▸ DIRECTIONS FOR THIS TASK:
Without the pictures, copy all of the data exactly.

▸ DATA BLOCK:
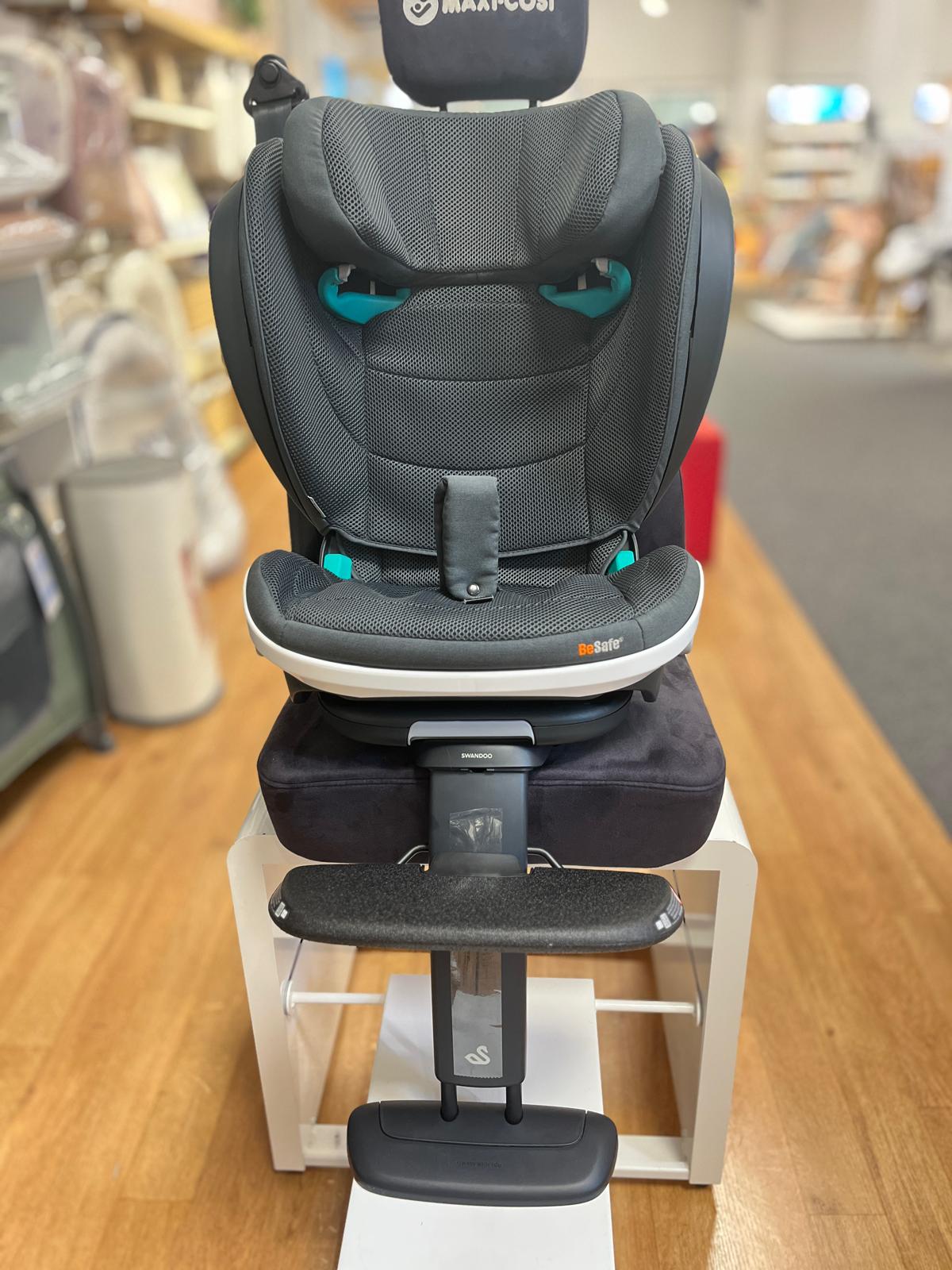 Swandoo Fußstütze mit Besafe IzI Flex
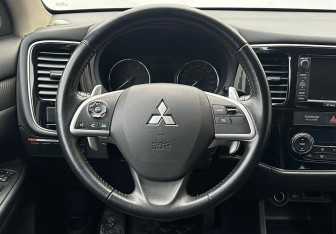 Подержанный автомобиль Mitsubishi Outlander 2014 года (12 фото)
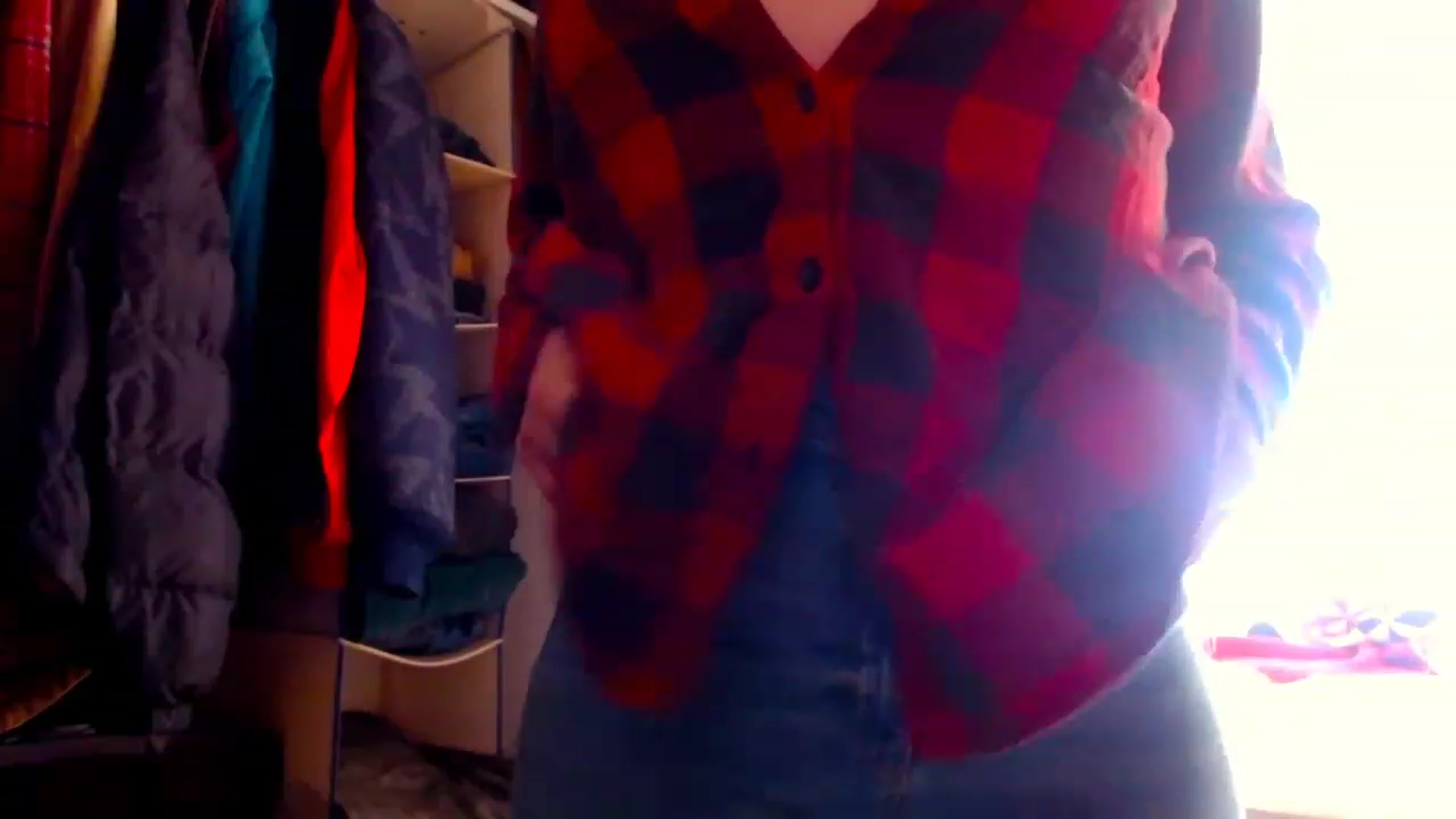 Gallery image thumbnail from adrey_'s myfreecams stream on, 12/07/2022, 22:41 image 6 of 20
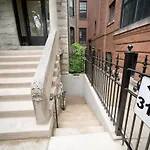 Inspiring Grotto Sleeps 10-20 Free Tv & Parking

▸ EXERCISE ANSWER:
 Swandoo Fußstütze mit Besafe IzI Flex
 Подержанный автомобиль Mitsubishi Outlander 2014 года (12 фото)
 Gallery image thumbnail from adrey_'s myfreecams stream on, 12/07/2022, 22:41 image 6 of 20
 Inspiring Grotto Sleeps 10-20 Free Tv & Parking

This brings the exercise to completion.